Pertempuran Medan Area
Pada tanggal 9 November 1945, pasukan
Sekutu di bawah pimpinan Brigadir Jenderal T.E.D. Kelly mendarat di Sumatra
Utara. Pendaratan pasukan Sekutu itu diboncengi oleh pasukan NICA yang telah
dipersiapkan untuk mengambil alih pemerintahan.
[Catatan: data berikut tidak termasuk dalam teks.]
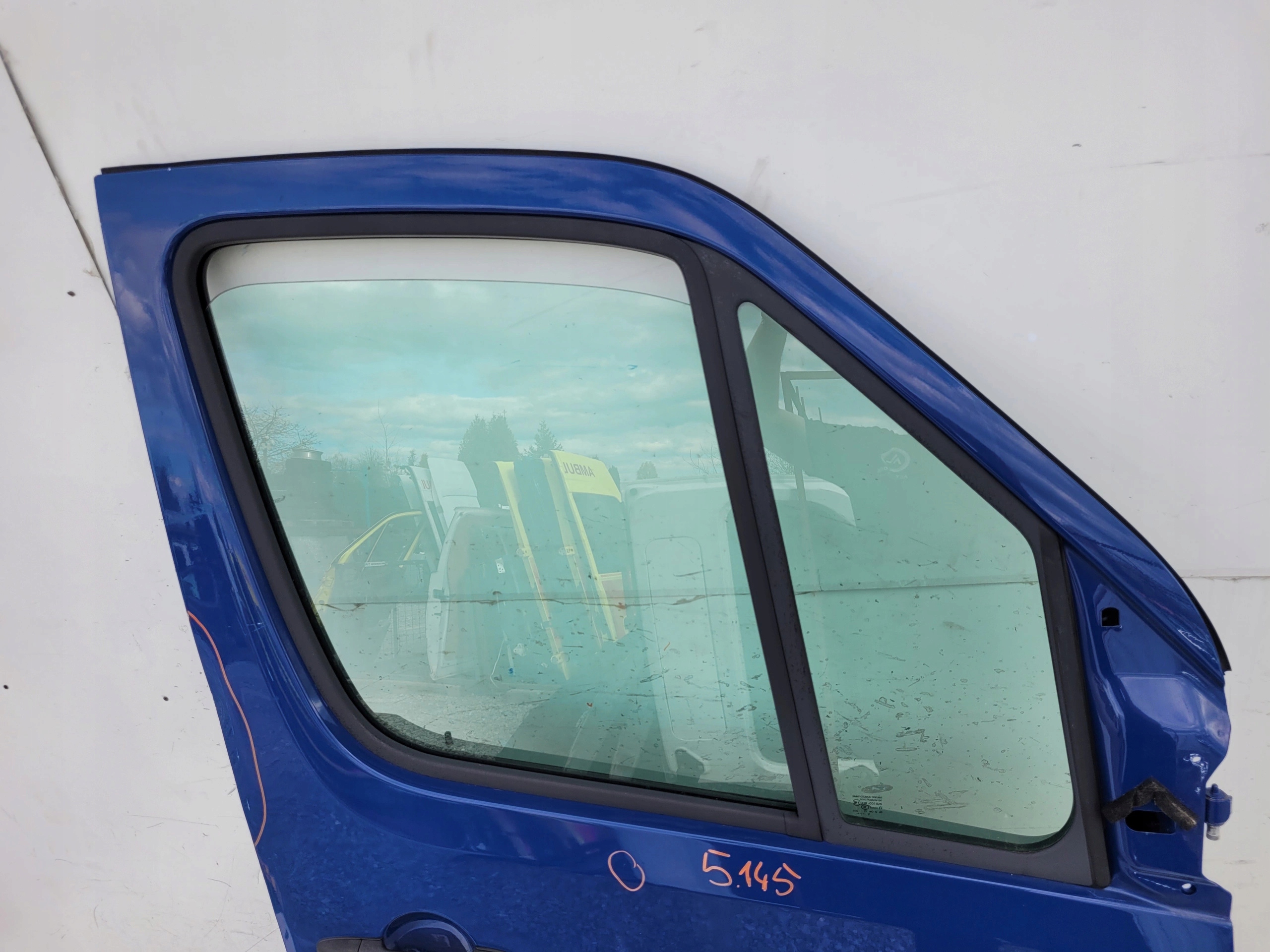 MERCEDES SPRINTER 906 CRAFTER DVERE PREDNÉ PRAVÉ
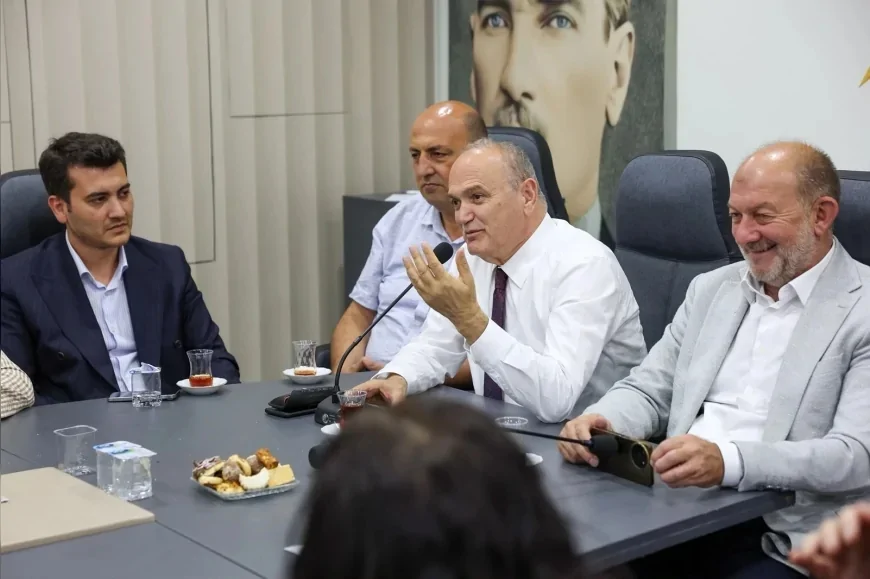 Düzce Belediye Başkanı Dr. Faruk Özlü: “Şehrin merkezinde ciddi bir dönüşüm oluyor”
Pemerintahan RI Sumatera Utara memperkenankan mereka menempati beberapa hotel
di Medan, seperti Hotel de Boer, Grand Hotel, Hotel Astoria dan lainya, karena
menghormati tugas mereka. Sebagian dari mereka ditempatkan di Binjai, Tanjung
Morawa dan beberapa tempat lainnya dengan memasang tenda-tenda lapangan. Sehari
setelah mendarat, Team dari RAPWI telah mendatangi kamp-kamp tawanan di Pulu Berayan,
Saentis, Rantau Prapat, Pematang Siantar dan Berastagi untuk membantu
membebaskan para tawanan dan dikirim keMedan atas persetujuan Gubernur M.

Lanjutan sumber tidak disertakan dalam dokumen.